Report on Kilauea (United States) — 12 May-18 May 2010
Smithsonian / US Geological Survey Weekly Volcanic Activity Report,
12 May-18 May 2010
Managing Editor: Sally Kuhn Sennert
Please cite this report as:
Global Volcanism Program, 2010. Report on Kilauea (United States). In: Sennert, S K (ed.), Weekly Volcanic Activity Report, 12 May-18 May 2010. Smithsonian Institution and US Geological Survey.
19.421°N, 155.287°W; summit elev. 1222 m
All times are local (unless otherwise noted)
During 12-18 May HVO reported that activity at Kilauea continued from the summit and the east rift zone.
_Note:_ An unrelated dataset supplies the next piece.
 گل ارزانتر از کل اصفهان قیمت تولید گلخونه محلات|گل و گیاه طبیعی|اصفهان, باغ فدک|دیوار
At the summit, occasional rising and falling of the circulating lava-pool surface continued at the deep pit inset within the floor of Halema'uma'u crater; glow from the vent was visible. The plume of gas and ash from the summit vent drifted SW. On 14 May the sulfur dioxide emission rate measured at the summit was1,000 tonnes/day. The surface dimensions of the lava pool were an estimated 60 m by 90 m on 17 and 18 May.
At the east rift zone, lava flows that broke out of the TEB lava-tube system had advanced down the Pulama pali onto the coastal plain and headed S into the ocean. Geologists confirmed a collapse of a 17 m by 75 m sliver of Pu'u 'O'o crater's N rim that occurred on 11 May.
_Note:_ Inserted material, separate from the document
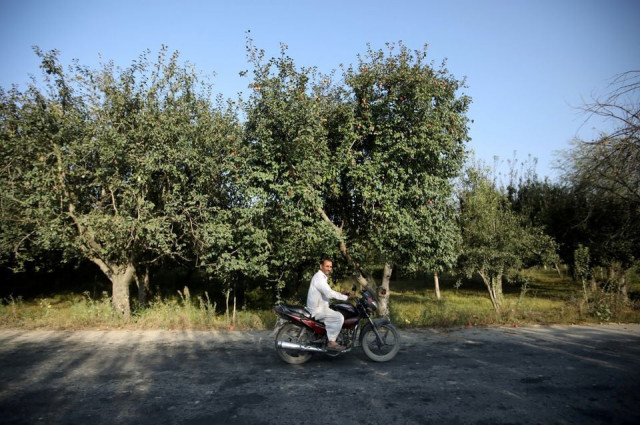a man rides a bike past an apple orchard in sopore north kashmir september 13 2019 picture taken september 13 2019 reuters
Geological Summary. Kilauea overlaps the E flank of the massive Mauna Loa shield volcano in the island of Hawaii. Eruptions are prominent in Polynesian legends; written documentation since 1820 records frequent summit and flank lava flow eruptions interspersed with periods of long-term lava lake activity at Halemaumau crater in the summit caldera until 1924. The 3 x 5 km caldera was formed in several stages about 1,500 years ago and during the 18th century; eruptions have also originated from the lengthy East and Southwest rift zones, which extend to the ocean in both directions. About 90% of the surface of the basaltic shield volcano is formed of lava flows less than about 1,100 years old; 70% of the surface is younger than 600 years. The long-term eruption from the East rift zone between 1983 and 2018 produced lava flows covering more than 100 km2, destroyed hundreds of houses, and added new coastline.